I really want to hear what the individual contributed, though, and actually couldn't care less what their team did as a whole. I've heard way too many "we"s that were actually "they"s, while the subject was present, but not actually contributing that much. It's really easy for a bad developer to hide in a large team.
EDIT: and it's also easy for a good developer to get quagmired in a bad team! Just because the project as a whole didn't do much doesn't mean the individual is bad. So I still really only want to hear about the individual efforts.
This would be why I spend almost no effort on the interview process. I put people to work right away to force them to prove whether or not they can do the job.
Well, I suppose they could be subcontracting it out, but at that point, I don't care. The work is getting done and at a price I can manage.

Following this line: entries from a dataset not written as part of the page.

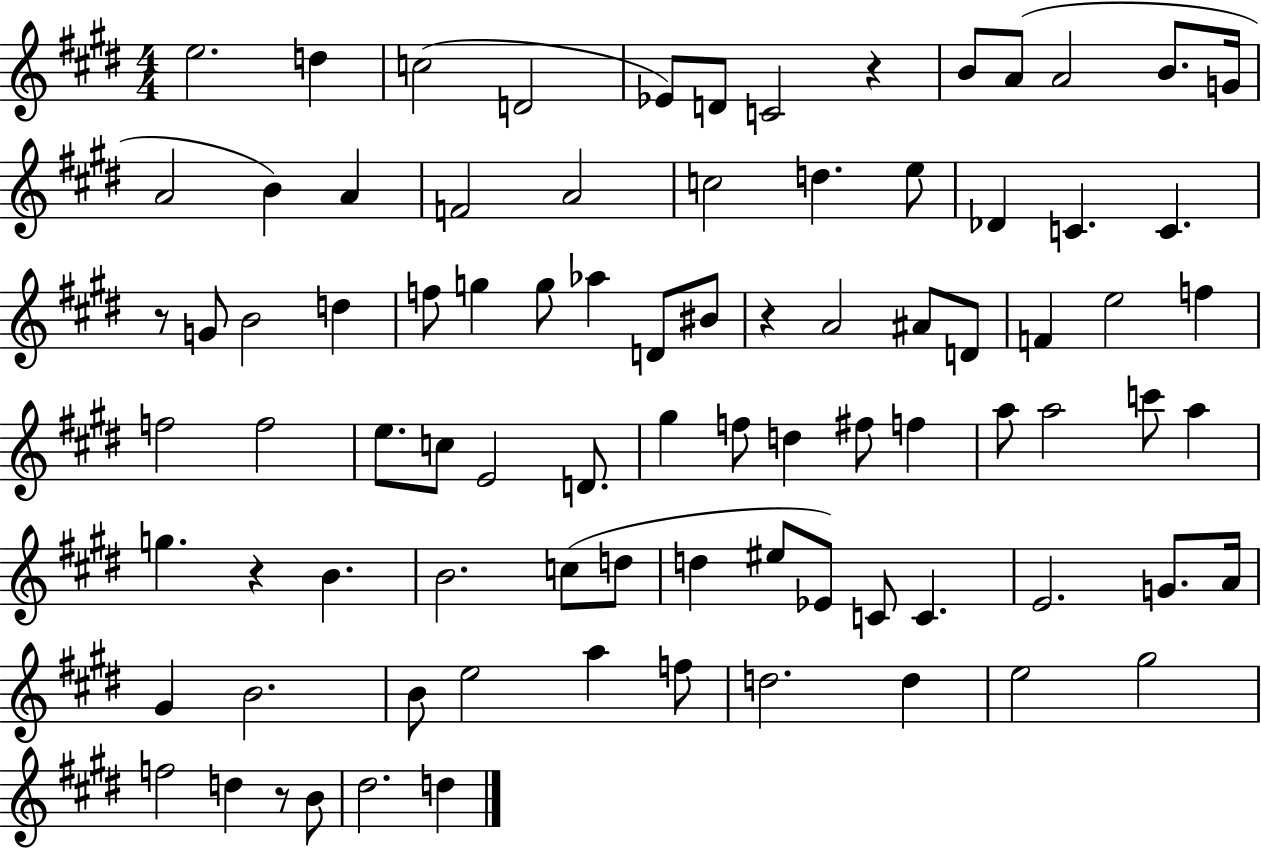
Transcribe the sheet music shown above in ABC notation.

X:1
T:Untitled
M:4/4
L:1/4
K:E
e2 d c2 D2 _E/2 D/2 C2 z B/2 A/2 A2 B/2 G/4 A2 B A F2 A2 c2 d e/2 _D C C z/2 G/2 B2 d f/2 g g/2 _a D/2 ^B/2 z A2 ^A/2 D/2 F e2 f f2 f2 e/2 c/2 E2 D/2 ^g f/2 d ^f/2 f a/2 a2 c'/2 a g z B B2 c/2 d/2 d ^e/2 _E/2 C/2 C E2 G/2 A/4 ^G B2 B/2 e2 a f/2 d2 d e2 ^g2 f2 d z/2 B/2 ^d2 d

Well I think the more honest part is I myself worked on part X and we the team created product Y made out these multiple parts. How big of a part you had does matter.
For example, I made the iOS UI part of this text chat app, and my team members created data models and networking code that I used to make the UI part. Another team member made the android part using the cross platform code and a bunch of others made the server part and so on. Together we made a text chat app pair.
It depends on the context of course. If it was your project alone, then you did it. If others contributed non-trivial amounts, it was a team effort. I noted that the males tended to bury that, while the females tended to highlight it.